Following these events leaseholders came to the RTMF for help. We advised leaseholders that in our opinion there was nothing in the statute or in Triplerose that prevented an RTM company from exercising RTM in respect of a self-contained structurally detached building irrespective of how many self-contained parts it may comprise. Leaseholders subsequently instructed RTMF to file a new RTM claim on that basis.
Unsurprisingly both Fairhold and FirstPort filed counter-notices asserting that because the premises comprised multiple self-contained parts or ‘cores’ the claim failed on the ground it was not open to an RTM company to acquire the management of the whole building. At a pre-trial review the Tribunal Judge rejected the Respondents request for independent surveyors´ reports and agreed with RTMF that a preliminary hearing of the legal issue could save time and substantial costs.
The key issue for determination at the preliminary hearing was whether, as a matter of law, an RTM company can acquire the Right to Manage multiple self-contained parts of the same building. It was common ground that if RTMF’s submission on this issue was correct it would validate the RTM claim.

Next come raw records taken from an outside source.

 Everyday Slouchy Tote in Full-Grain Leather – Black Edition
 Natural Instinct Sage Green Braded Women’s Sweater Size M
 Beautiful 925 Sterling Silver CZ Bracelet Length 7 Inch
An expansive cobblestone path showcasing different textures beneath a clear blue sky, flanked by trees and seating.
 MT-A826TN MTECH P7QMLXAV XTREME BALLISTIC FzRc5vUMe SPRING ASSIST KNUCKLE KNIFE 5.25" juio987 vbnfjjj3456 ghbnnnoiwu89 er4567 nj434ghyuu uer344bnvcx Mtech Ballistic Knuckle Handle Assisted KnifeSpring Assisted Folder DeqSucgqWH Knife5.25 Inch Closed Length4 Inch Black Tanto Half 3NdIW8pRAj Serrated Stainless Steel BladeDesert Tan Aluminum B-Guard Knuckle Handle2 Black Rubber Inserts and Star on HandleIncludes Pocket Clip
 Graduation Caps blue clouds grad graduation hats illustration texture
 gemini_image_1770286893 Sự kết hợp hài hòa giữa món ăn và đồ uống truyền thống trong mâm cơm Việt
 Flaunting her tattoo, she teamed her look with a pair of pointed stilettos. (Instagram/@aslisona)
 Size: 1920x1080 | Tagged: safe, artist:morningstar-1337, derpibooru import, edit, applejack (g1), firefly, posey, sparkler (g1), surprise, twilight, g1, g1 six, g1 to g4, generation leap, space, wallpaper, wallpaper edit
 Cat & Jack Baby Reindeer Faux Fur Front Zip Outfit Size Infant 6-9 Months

Counsel for the Respondents referred to the Judge´s concluding remarks at paragraph 62 of the Triplerose case, which stated “Accordingly in my view it is not open to an RTM company to acquire the right to manage more than one self-contained building or part of a building”. Counsel submitted this supported the proposition that one RTM company can only manage one self-contained part and if a building comprised several self-contained parts it required a single RTM company for each part.

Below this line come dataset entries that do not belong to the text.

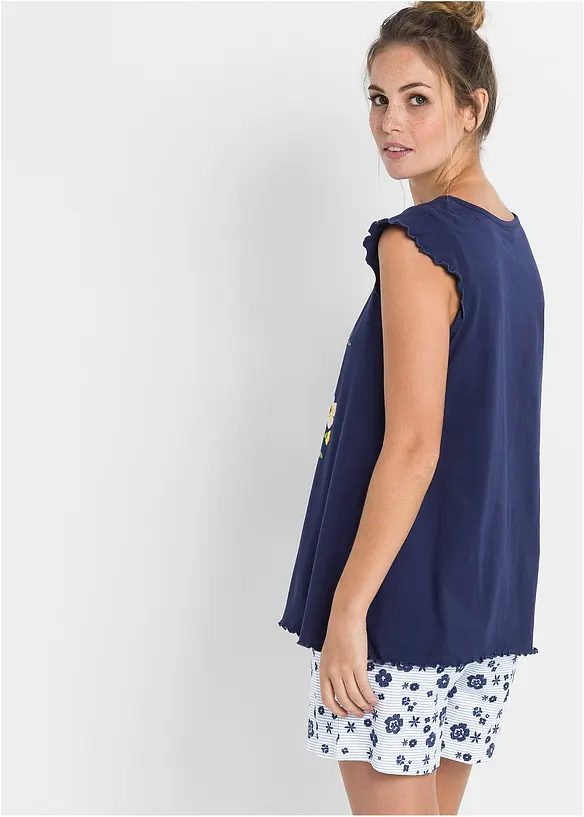Shorty aus reiner Baumwolle in blau von hinten (Totalaufnahme) - bonprix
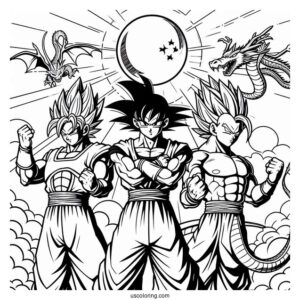 Dragon Ball Z Dragon Team Coloring Page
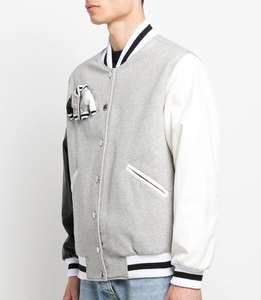 Hombres personalizado nuevo bordado Chenille parches Varsity chaquetas de los hombres de lana cuerpo de cuero mangas Letterman béisbol chaquetas universitarias - Product Image 3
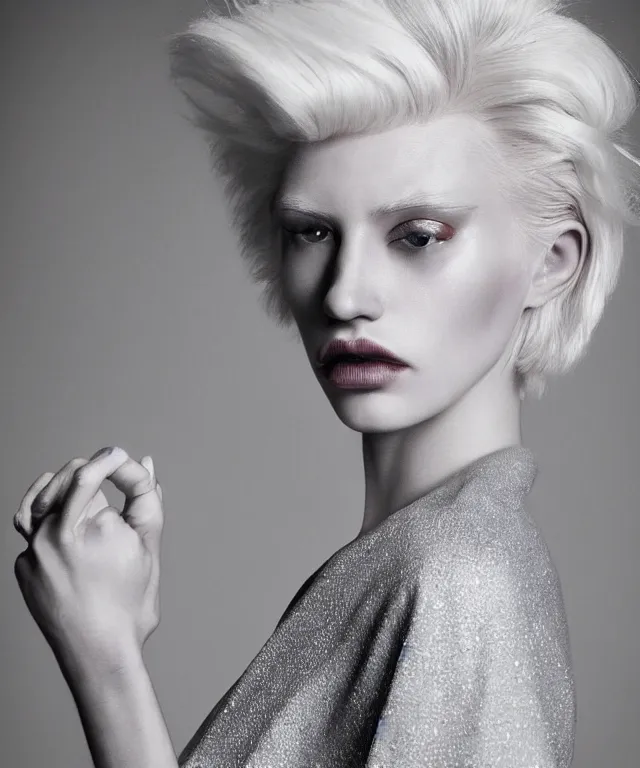 Prompt: a color photograph of a non binary model, platinum blonde, by thomas ruff, intense, bold, hyperrealistic, ultra sharp, extra details, ultra high quality, trending on pinteresst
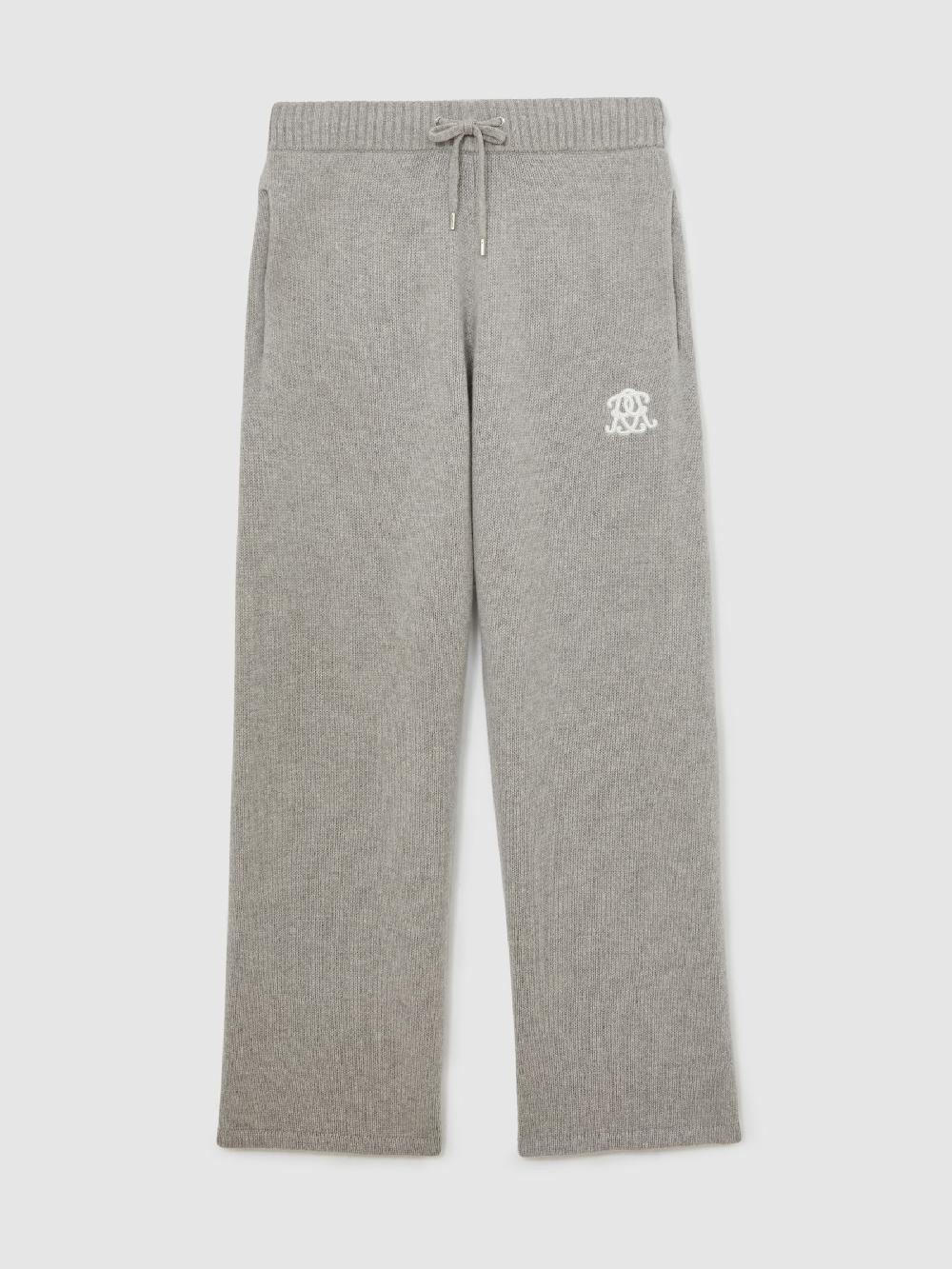 Reiss Monogram Wool Wide-Leg Knitted Joggers In Grey Melange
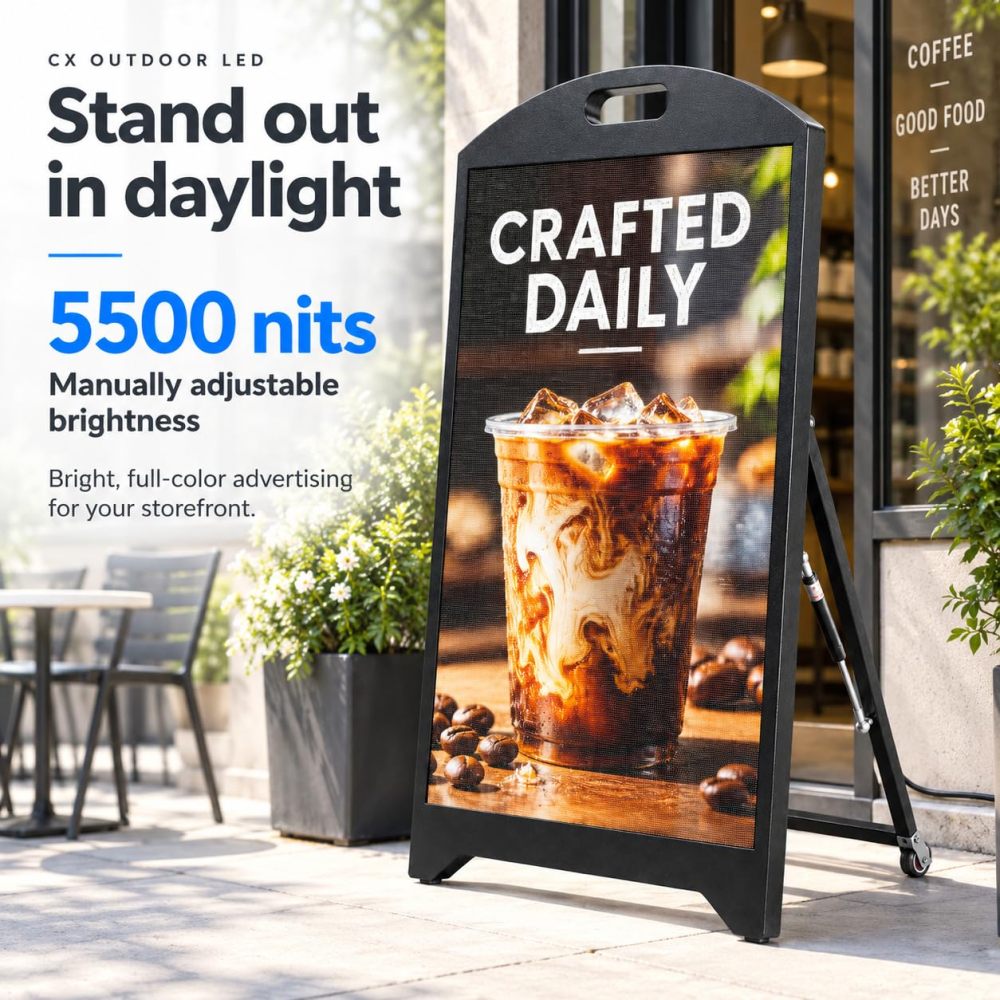 ⭐P2.5 Outdoor LED Digital Signage 64x96cm Programmable Sign 5500nits Brightness, IP65 Weatherproof, Wi-Fi & USB Control, Sign with Wheels, Plug-In Power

In submissions for the RTM company RTMF quoted various parts of the Act that refer to “premises within premises”, which he said clearly indicated that a building could comprise smaller parts or premises. Further he submitted that Schedule 6 paragraph 2 of the Act, entitled ‘Buildings with self-contained parts in different ownership’, would serve no purpose if an RTM application could not extend to a building with multiple self-contained parts.
The Tribunal accepted the Applicant´s submissions and determined that a single RTM company can acquire the RTM a building comprising multiple self-contained parts. In reaching this decision the Tribunal also gave weight to the Court of Appeal decision ‘Craftrule Ltd. V. 41-60 Albert Place Mansions (Freehold) Ltd’ that decided the same issue in relation to collective enfranchisement provisions under the 1993 Act, which mirrored the RTM provisions in the 2002 Act. The Tribunal further determined that the concluding remarks in the Triplerose decision quoted by Counsel, when read in context, did not provide authority for the Respondent´s proposition.

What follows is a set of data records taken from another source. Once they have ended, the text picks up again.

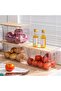 Transparent stackable storage box with bamboo lid and wood grain - 3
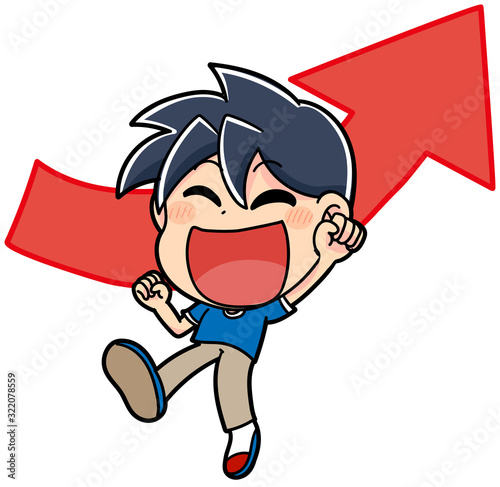矢印　アップ　かわいい　子供　イラスト　小学生　男の子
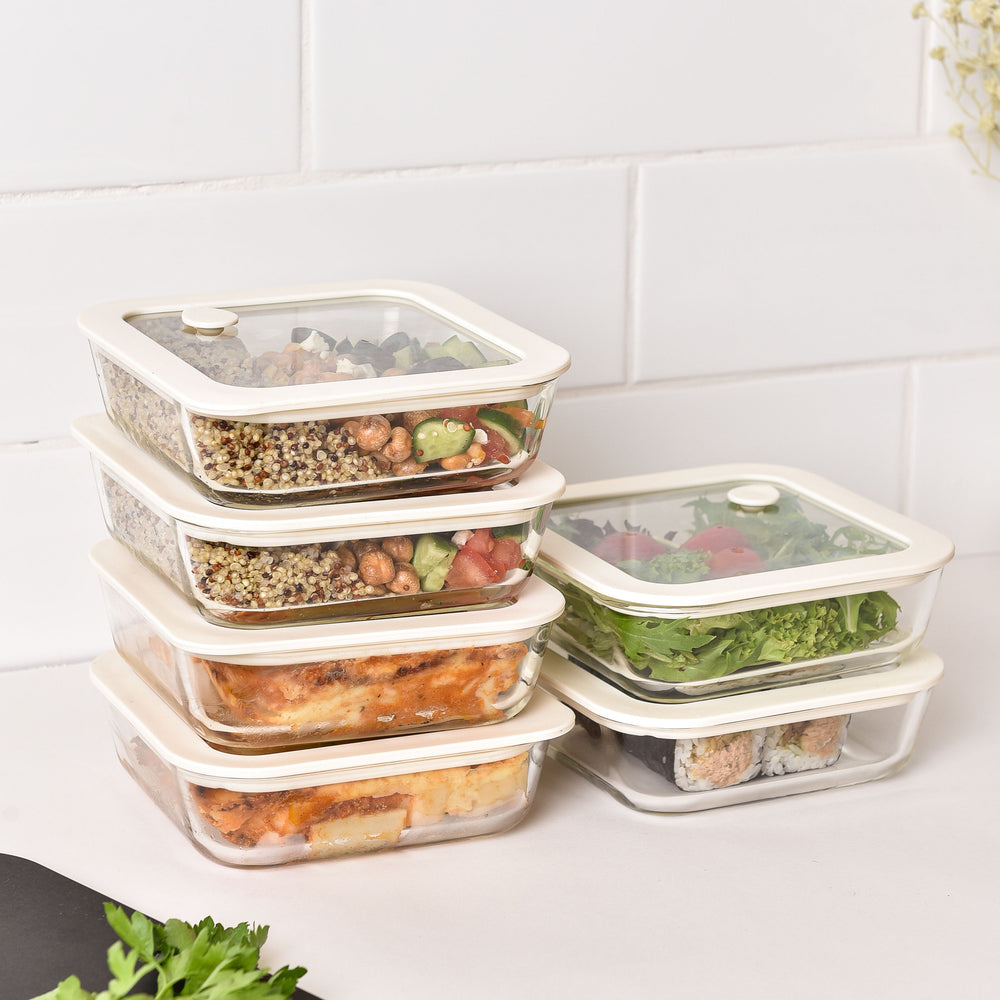 Glass Food Storage Containers - Cream - 610ml 6 Set Square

Despite the successful outcome the Viceroy leaseholders are not legally entitled to claim costs whereas had the landlord succeeded it could have claimed all its legal costs. As long as this imbalance is allowed to continue landlords will undoubtedly persist in raising tenuous objections to RTM claims in order to delay and obstruct leaseholder´s statutory rights. The RTMF is continuing to lobby Government for a change in the law to address this unfairness.
Leaseholders at Viceroy Court can look forward to a Happy Christmas. They acquire their Right to Manage on 25th December 2017.